Let’s say we want to use R to find the following:
\[\sqrt{ | \log_{10}{0.75} |}\]
and round the result to two decimal places. How can we achieve that?
Step-by-step we need to:
How would that look in R?
How functions and computers work, you actually need to start with the last step and work you’re way to the first step!
# Have to round, the squareroot, the absolute value, then take the log
round(digits = 2, sqrt(abs(log10(0.75))))
## [1] 0.35
To improve the readability, a practice is to include the new function in a new line:
round(
digits = 2,
sqrt(
abs(
log10(
0.75
)
)
)
)
## [1] 0.35
One reason why the code is difficult to read is the first function is
the one we use in step 4 (round) and the last function written in the
code is the one we want to use first (log10()
). So we need
to read the code from the center to the ends (a “Middle-out” approach)

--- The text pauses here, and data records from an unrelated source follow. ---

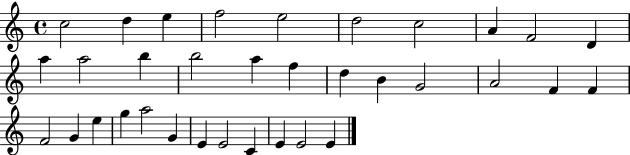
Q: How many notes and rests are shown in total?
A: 34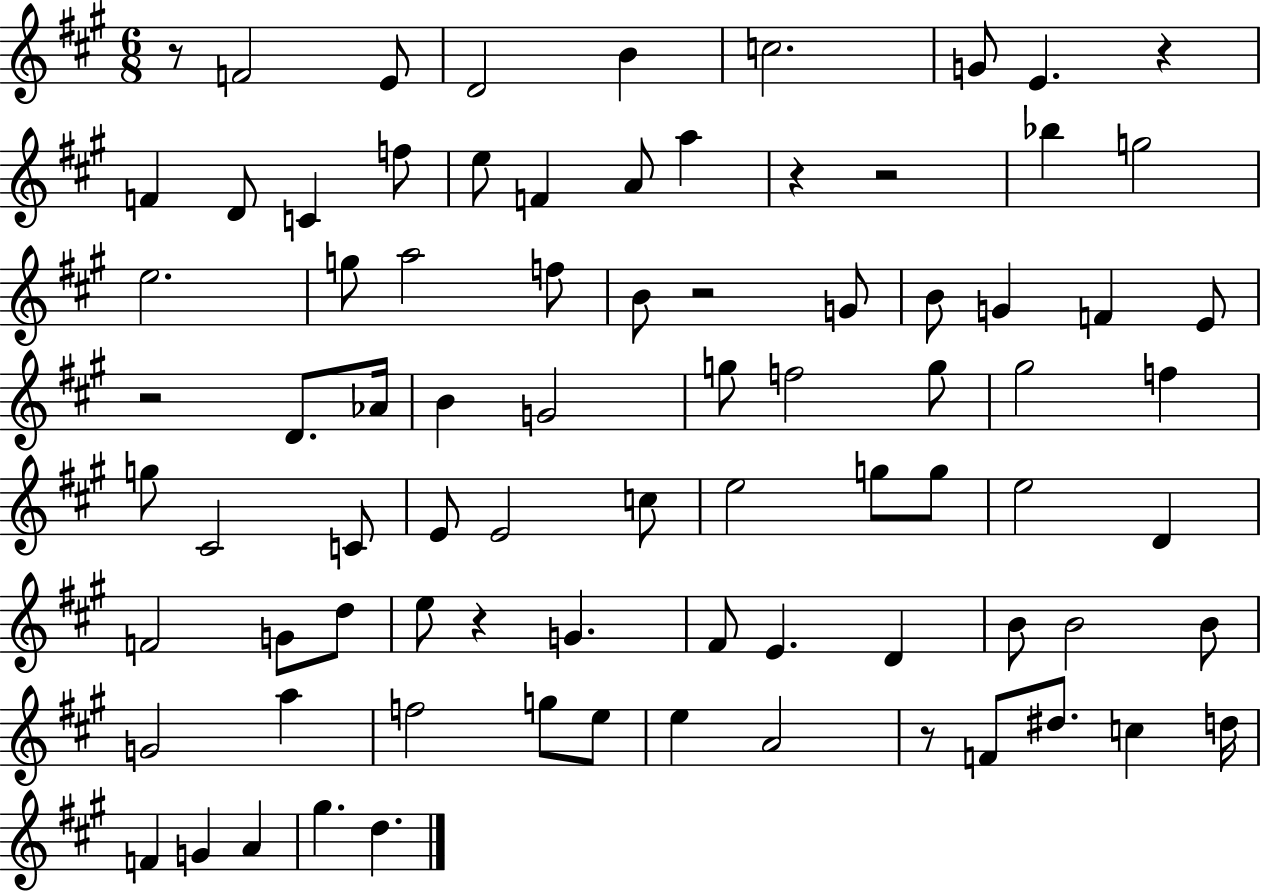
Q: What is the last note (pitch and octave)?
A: D5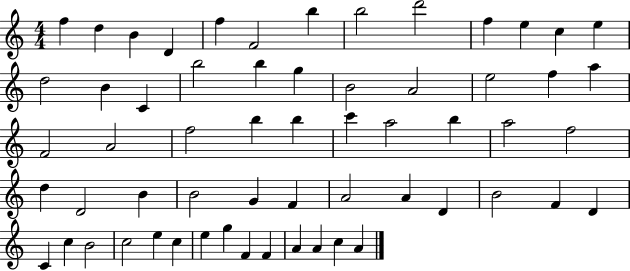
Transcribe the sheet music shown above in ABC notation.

X:1
T:Untitled
M:4/4
L:1/4
K:C
f d B D f F2 b b2 d'2 f e c e d2 B C b2 b g B2 A2 e2 f a F2 A2 f2 b b c' a2 b a2 f2 d D2 B B2 G F A2 A D B2 F D C c B2 c2 e c e g F F A A c A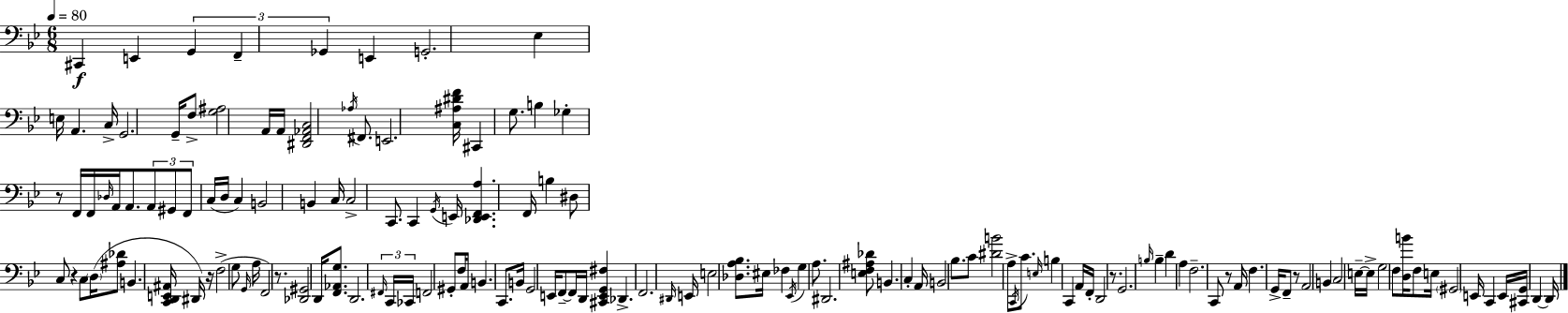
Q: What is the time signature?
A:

to understand what is going on. Ideally we’d start with the first
function we need and end on the last function we’d use. So how do we do
that?
“Piping” in coding was created as an approach to make code more
natural to read and write. The pipe operator (|>
in R or
%>%
using the tidyverse universe) will “pass”
the results from one function to the next in the order we use them.
I’ll be using the native pipe, |>
, but you can use
either!
Note
You can shortcut either pipe by using with CRTL+SHIFT+m on PC or CMND+SHIFT+m on a mac.
It will default to using %>% but you can change it to use
|>
by
Tools > Global Options… > Code > Use Native Pipe Operator
It’s faster once you get the hang of it!
Using pipes we use R to calculate the number in the same steps we would if we were to do it by hand!
# Start with 0.75
0.75 |>
# Then pass it to the log10() function
log10() |>
# Next, we need the absolute value
abs() |>
# Now that it is positive, we can take the square root
sqrt() |>
# We can pass it into round, but we'll need to specify how many digits to round
round(digits = 2)
## [1] 0.35
So what’s the big deal about pipes? We can use it for many functions, not just basic calculations!
# Getting the data set from ggplot2
ggplot2::mpg |>
# Only keeping the cars from 2008
dplyr::filter(year == 2008) |>
# Pulling out the manufacturer column from the data frame and changing it to a vector
pull(manufacturer) |>
# Counting the number times each manufacturer appears using table()
table(dnn = "Manufacturer") |>
# Converting it from a table type object to a data.frame object
data.frame() |>
# Changing the column name from Freq to Count
rename(Count = Freq) |>
# Making the data.frame look nice for the knitted document with gt()
gt::gt()
Manufacturer | Count |
---|---|
audi | 9 |
chevrolet | 12 |
dodge | 21 |
ford | 10 |
honda | 4 |
hyundai | 8 |
jeep | 6 |
land rover | 2 |
lincoln | 1 |
mercury | 2 |
nissan | 7 |
pontiac | 2 |
subaru | 8 |
toyota | 14 |
volkswagen | 11 |
When piping a data set into a function, we can only use the name of
the columns directly (no data$column
) if the function has a
data = argument. Sadly, there are many functions that don’t have a data
argument, like table():
# Code commented out so the document will knit
#ggplot2::mpg |>
# table(manufacturer, class)
There is a different pipe operator that works with functions missing the data argument, but we won’t worry about that and you aren’t expected to use it.
Hopefully you’re able to see the benefits of piping when programming in ease of writing and reading code. But you still need to add descriptive comments!